From an international perspective, perhaps this makes my case special, I don't know, but at least for most of Europe and the US (public universities) in my field of research, I get the impression it's at least very similar.
> For example, would you propose that taxpayers should claim copyright?
To combat abuse by whom? Tax-evaders? Maybe :-) Aliens? I don't know if copyright should be our top priority in this case :-)
Seriously, though, I've seen the issue mentioned of tax-payers from one country protecting their investment against tax-payers from other countries. This is something that the current mantra of "the tax payer paid for it, so the tax payer should be able to access and re-use it" would, IMHO, cover. One country could, in principle, make all their research OA only for that country (more tricky in practice, obviously).

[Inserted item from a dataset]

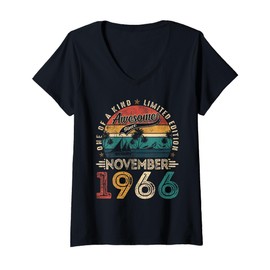 Womens Awesome Since November 1966 59 Years Old 59th Birthday Men V-Neck T-Shirt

Clearly, this sort of "knowledge protectionism" is a perspective we should try and prevent.
However, I don't really have a good idea on how to defend "let's give away the research we paid for to those who didn't pay" against politicians who already begrudge poor people their social security.
> What this means is that a very large percentage of research is conducted
> without taxpayer funding.
As with all research that is not tax payer funded, the open access rationale doesn't apply - it applies the rationale of either the scholar, if they are self-funded, or of the entity paying the scholar.
I don't think anybody ever proposed making something public by default which wasn't public to begin with?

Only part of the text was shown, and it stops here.